**Exercise:** If pictures appear in the lines below, skip them and copy exactly the lines from the one containing "Overview of approximately" through the one containing "May include: A", and nothing else.

==============================

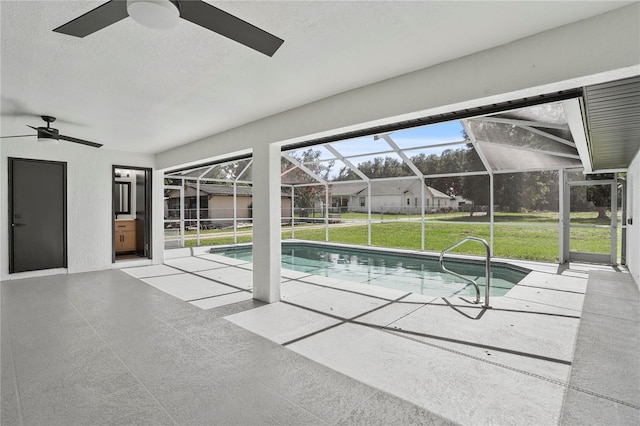 1438 Mclin Dr, Plant City, FL 33565 - swimming pool with a ceiling fan, a lawn, a patio, and a lanai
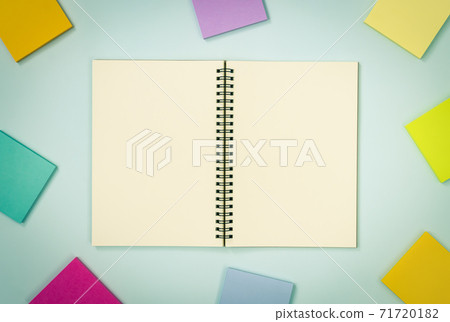 Top Table Spiral Notebook and Stick Note on Pastel Minimalist Background in Vintage Tone 71720182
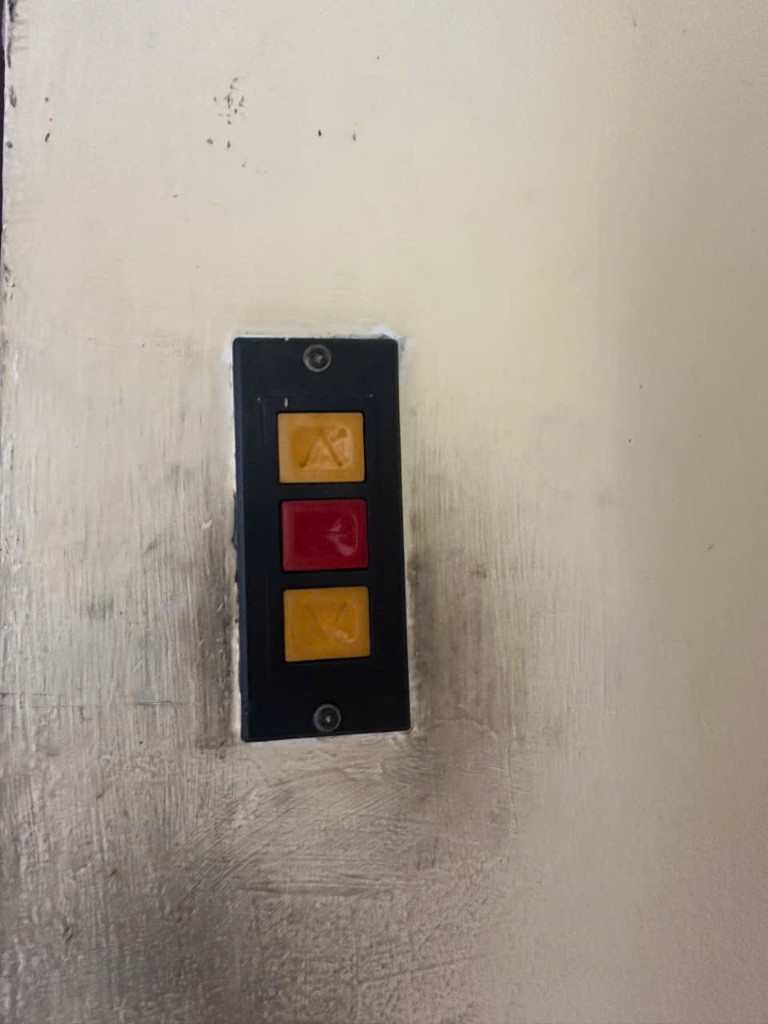 Cận cảnh ba nút: vàng cam mũi tên lên, đỏ dừng ở giữa, vàng cam mũi tên xuống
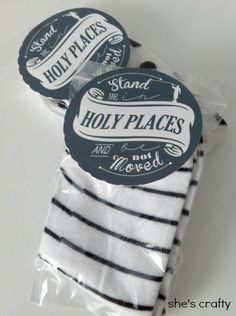 two white and black striped napkins in plastic packaging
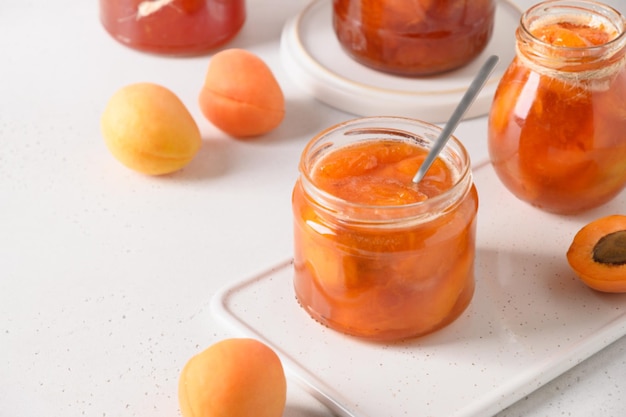 Apricot jam in glass jar with fruits summer harvest and canned food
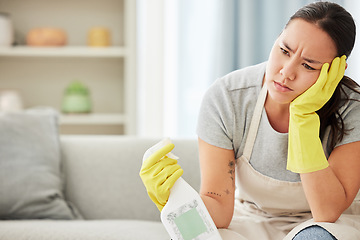 Image showing Product, maid and woman tired from cleaning furniture, counter and table in apartment living room. Housework, exhausted and frustrated worker with spray bottle to clean with products in hands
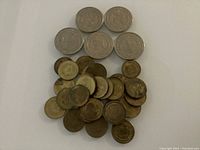 Overview of approximately 30 silver, brass, and bronze casino tokens of various sizes and designs.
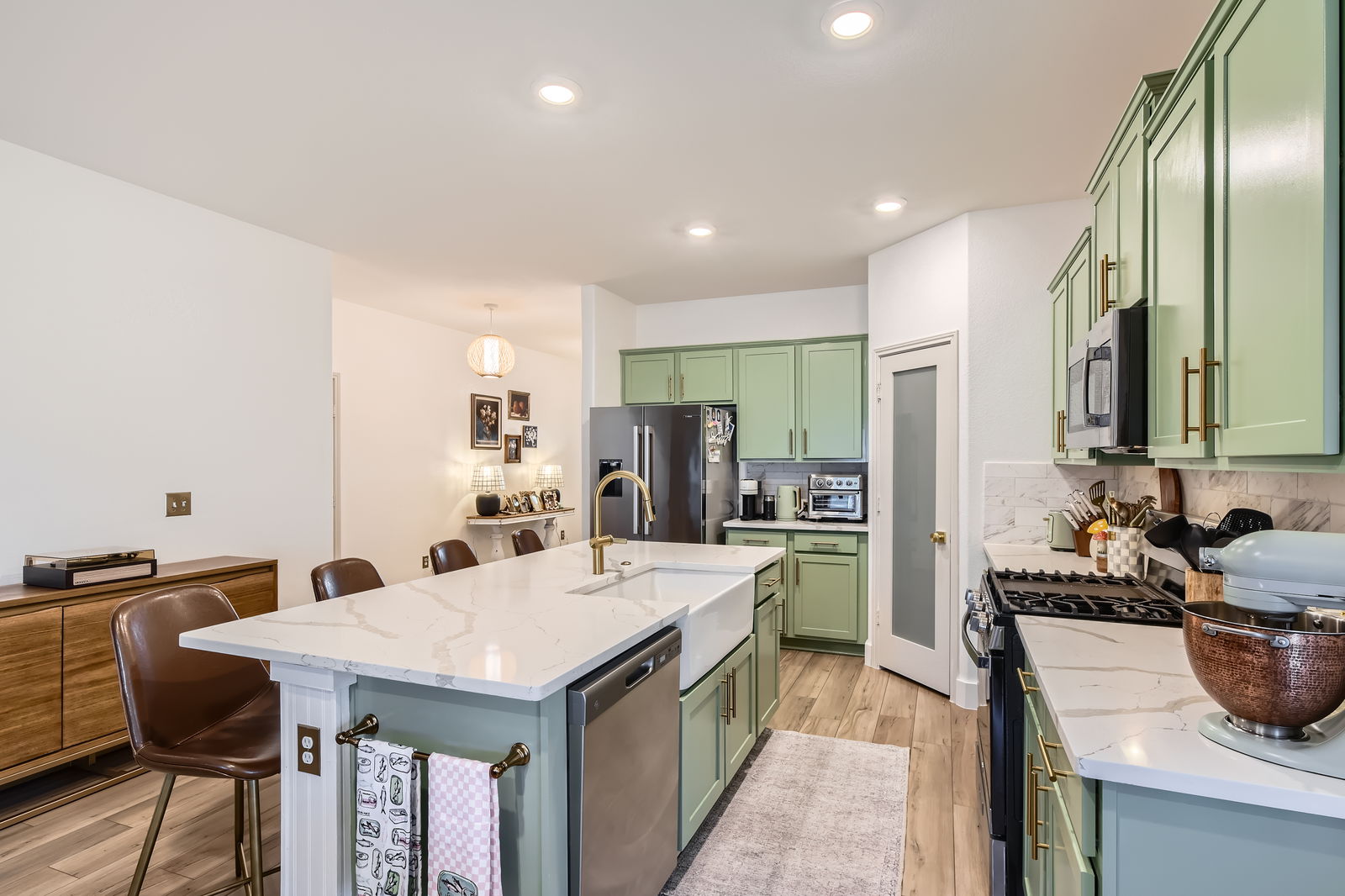261 Mendoza Kyle, TX 78640 - Photo 12 of 28 a large kitchen with a table and chairs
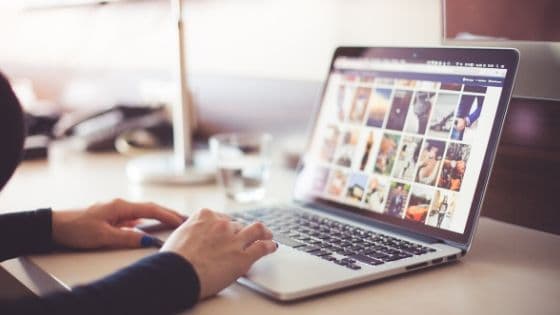 woman browsing pictures in thumbnail size with her laptop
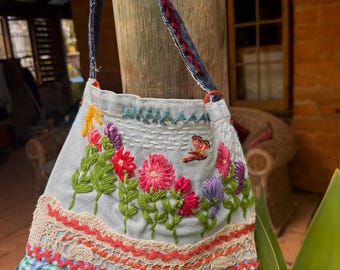 May include: A light blue denim shoulder bag featuring colorful floral embroidery, a small butterfly motif, and a sun icon. The lower section is decorated with layers of beige lace, green and white gingham fabric, and black and white checkered trim.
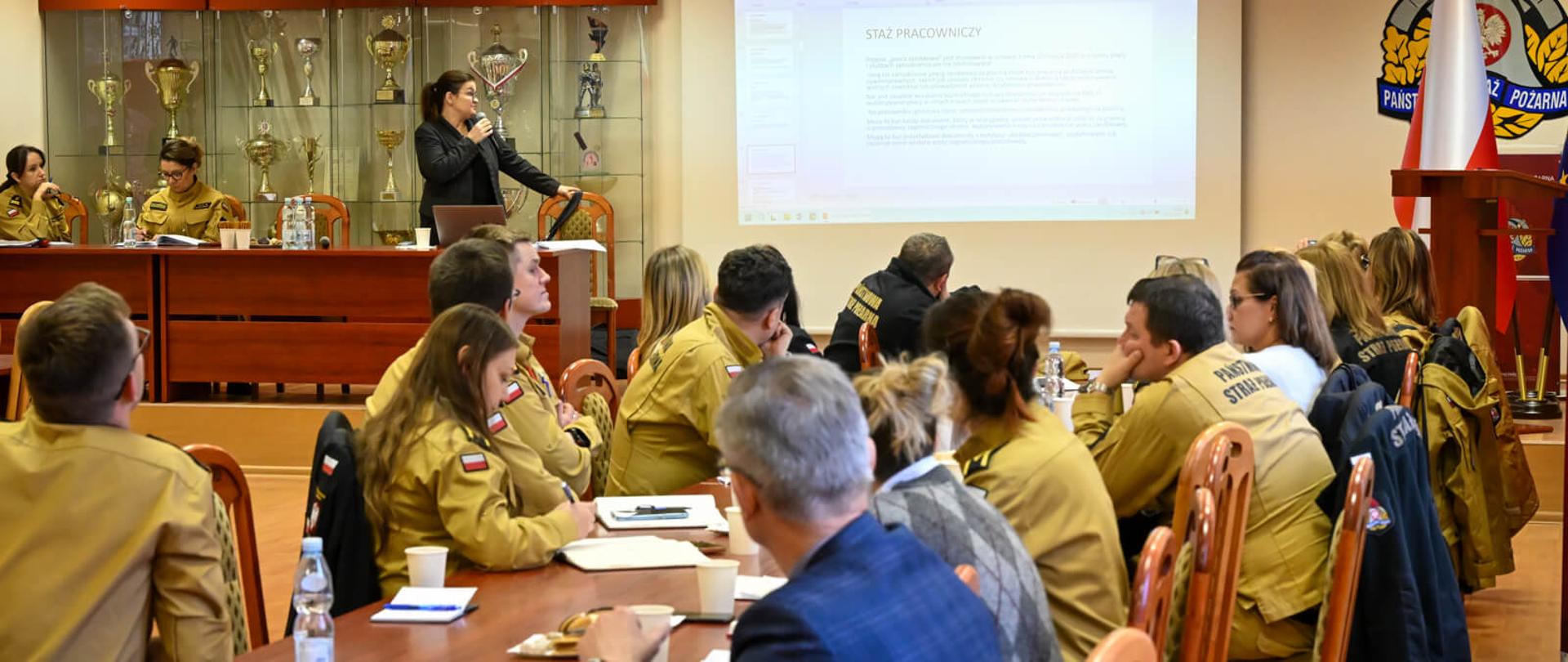 ujęcie z sali szkoleniowej. Kobieta w ciemnym stroju przemawia do grupy słuchaczy siedzących przy stole, podczas gdy na dużym ekranie wyświetlana jest prezentacja z nagłówkiem "Staż pracowniczy". W tle widać gablotę z pucharami.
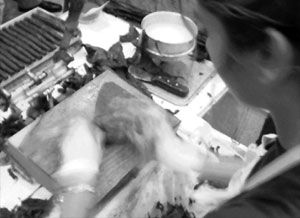 Una foto in bianco e nero di una donna che prepara il cibo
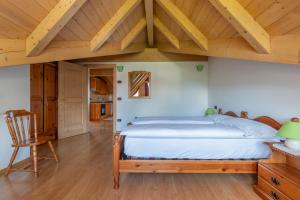 1 dormitorio con 1 cama grande y techo de madera en Agritur Cristina, en Coredo
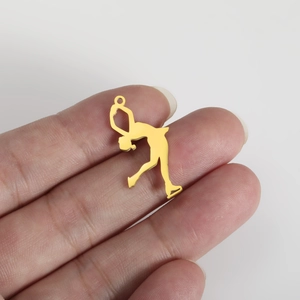 Detailed view of a gold figure skating athlete pendant held by hand for scale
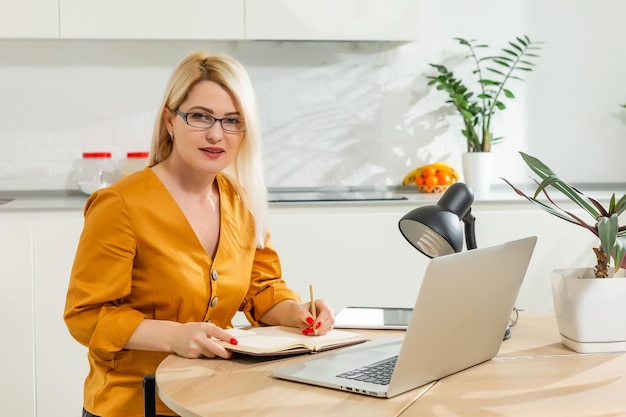 Bella donna caucasica che lavora al computer portatile. Sfondo della cucina.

==============================

**Reply to the exercise:**
 Overview of approximately 30 silver, brass, and bronze casino tokens of various sizes and designs.
261 Mendoza Kyle, TX 78640 - Photo 12 of 28 a large kitchen with a table and chairs
 woman browsing pictures in thumbnail size with her laptop
 May include: A light blue denim shoulder bag featuring colorful floral embroidery, a small butterfly motif, and a sun icon. The lower section is decorated with layers of beige lace, green and white gingham fabric, and black and white checkered trim.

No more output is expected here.